Which clinical management prevention concept would the nurse identify as representative of secondary prevention?
a. Decreasing venous stasis and risk for pulmonary emboli
b. Implementation of strict hand washing routines
c. Maintaining current vaccination schedules
d. Prevention of pneumonia in patients with chronic lung disease
Prevention of and treatment of existing health problems to avoid further complications is an example of secondary prevention.

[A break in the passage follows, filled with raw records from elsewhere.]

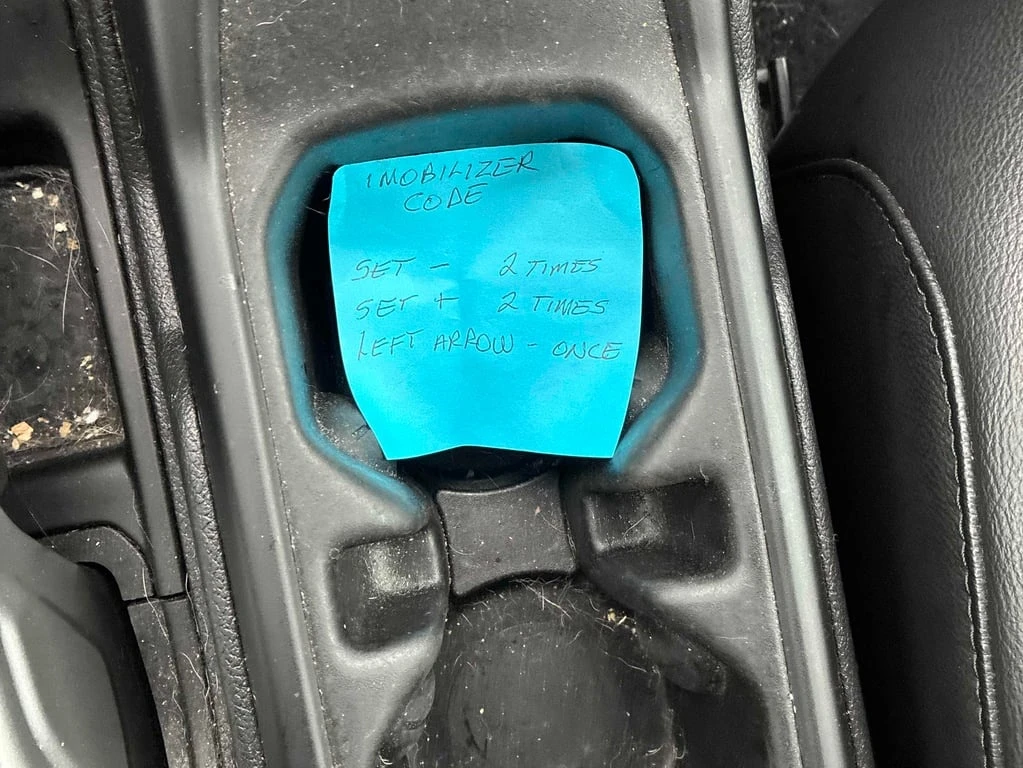 Jeep Wrangler 2021 Unlimited Sahara * CARFAX * ��� ������������ | Mobile.bg � ����������� 14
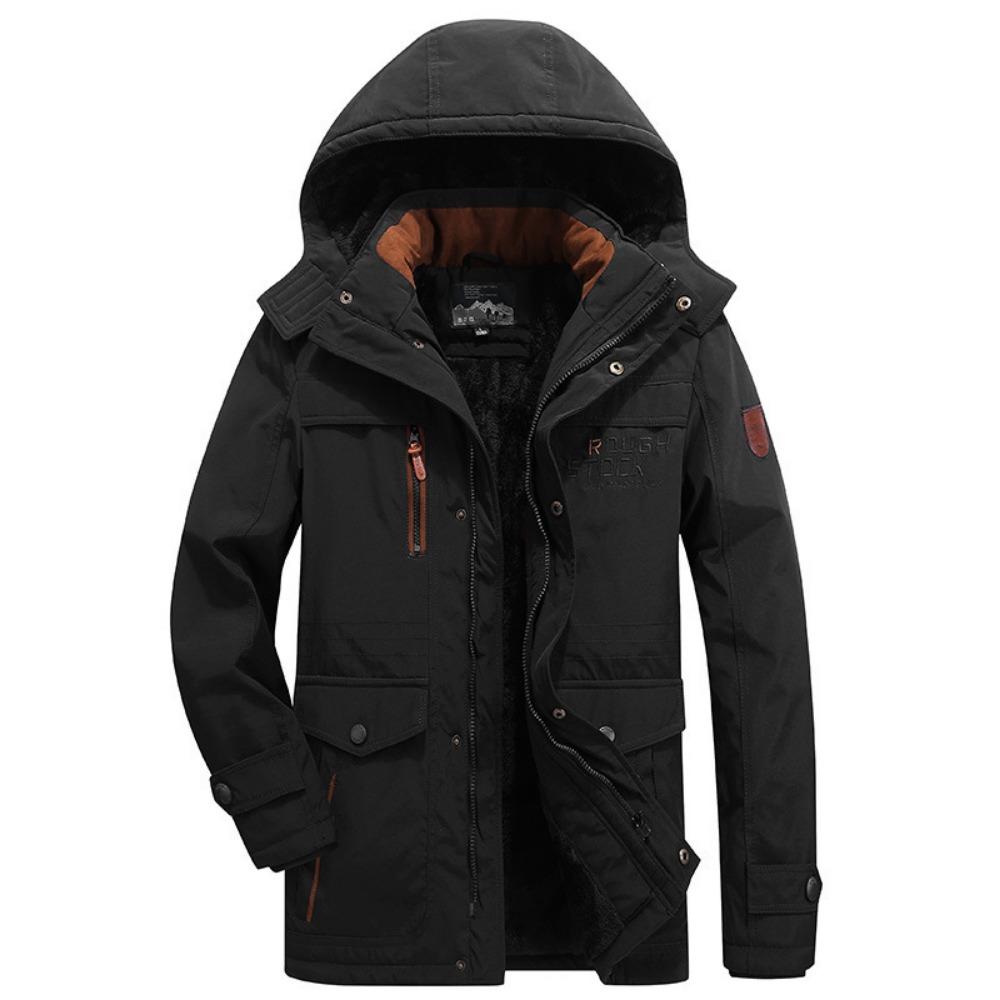 Men's cotton-padded clothes are piled and thickened to keep warm in winter outdoor large cotton-padded jackets.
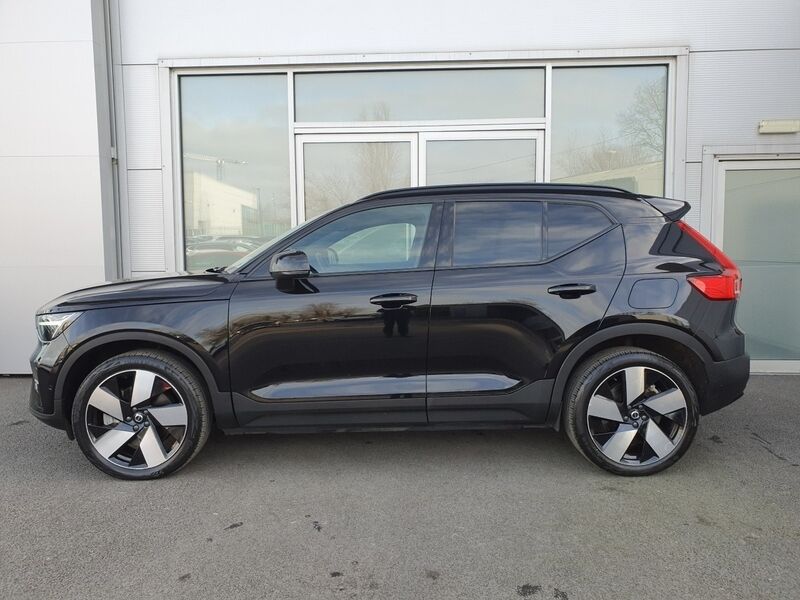 More views of Volvo XC40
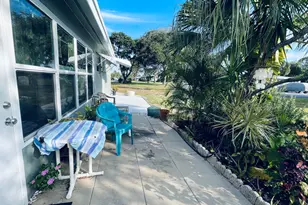 910 South Dr, Delray Beach, FL 33445 - Photo 16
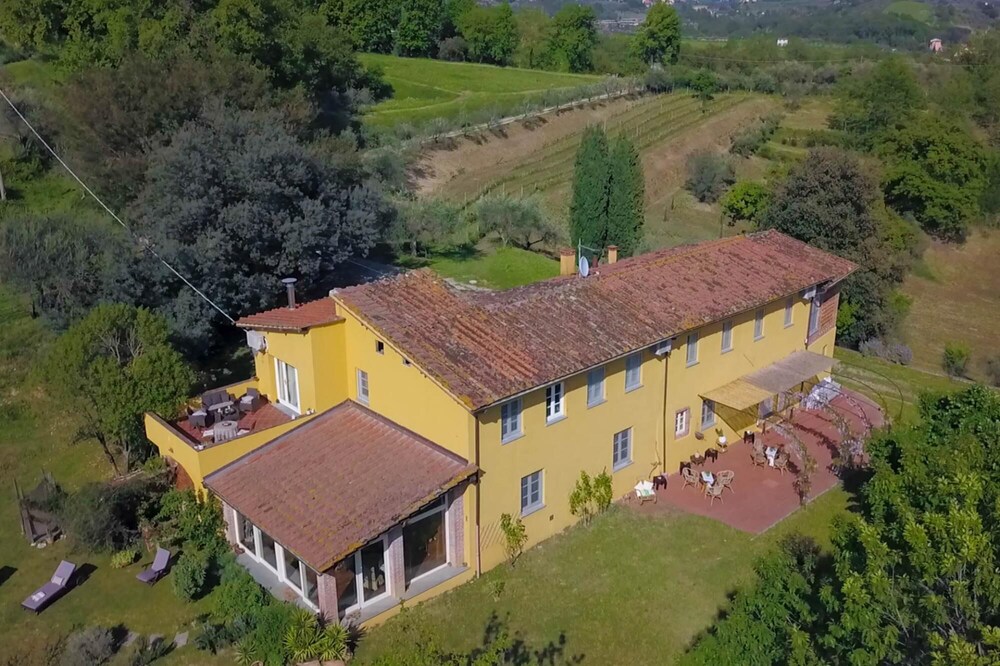 Villa Lorena a Vintage Family Villa view 3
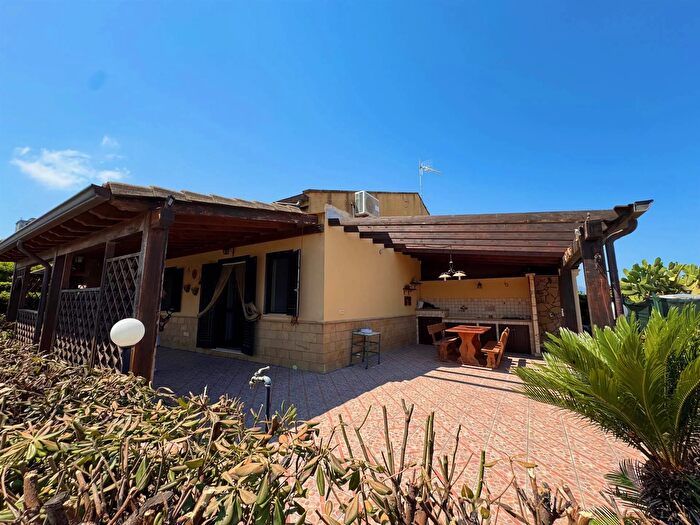 Casa trilocale in vendita in Cda Piana Calzata Snc, Campofelice Di Roccella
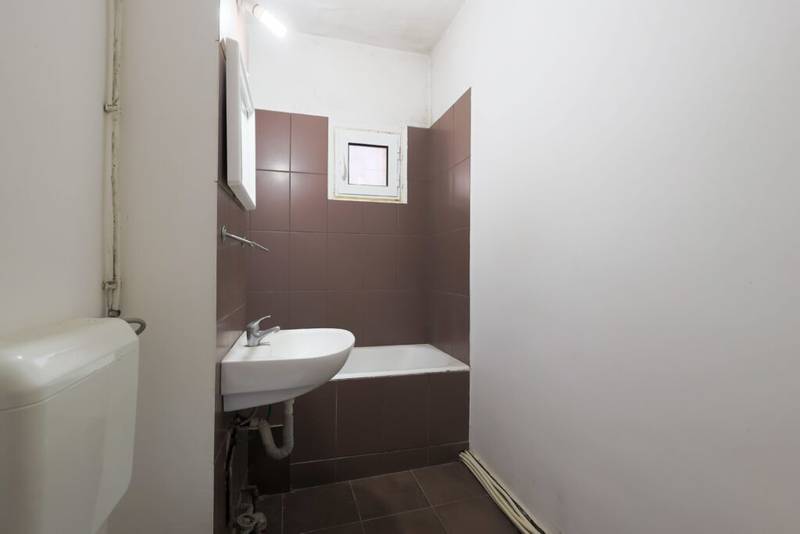 Apartament decomandat 3 camere – str. Horia – COMISION 0% De vânzare Apartament decomandat 3 camere – str. Horia – COMISION 0% în zona Ultracentral 3 camere 2 dormitoare Arad 5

Primary prevention includes infection control (hand washing), smoking cessation, immunizations, and prevention of postoperative complications.
The nurse would identify which body systems as directly involved in the process of normal gas exchange? (Select all that apply.)
a. Neurologic system
b. Endocrine system
c. Pulmonary system
d. Immune system
e. Cardiovascular system
f. Hepatic system
ANS: A, C, E
The neurologic system controls respiratory drive; the respiratory system controls delivery of oxygen to the lung capillaries; and the cardiac system is responsible for the perfusion of vital organs. These systems are primarily responsible for the adequacy of gas exchange in the body. The endocrine and hepatic systems are not directly involved with gas exchange. The immune system primarily protects the body against infection.
The nurse is assessing a patient for the adequacy of ventilation. What assessment findings would indicate the patient has good ventilation? (Select all that apply.)
a. Respiratory rate is 24 breaths/min.
b. Oxygen saturation level is 98%.
c. The right side of the thorax expands slightly more than the left.
d. Trachea is just to the left of the sternal notch.
e. Nail beds are pink with good capillary refill.
f. There is presence of quiet, effortless breath sounds at lung base bilaterally.
ANS: B, E, F
Oxygen saturation level should be between 95 and 100%; nail beds should be pink with capillary refill of about 3 seconds; and breath sounds should be present at base of both lungs. Normal respiratory rate is between 12 and 20 breaths/min. The trachea should be in midline with the sternal notch. The thorax should expand equally on both sides.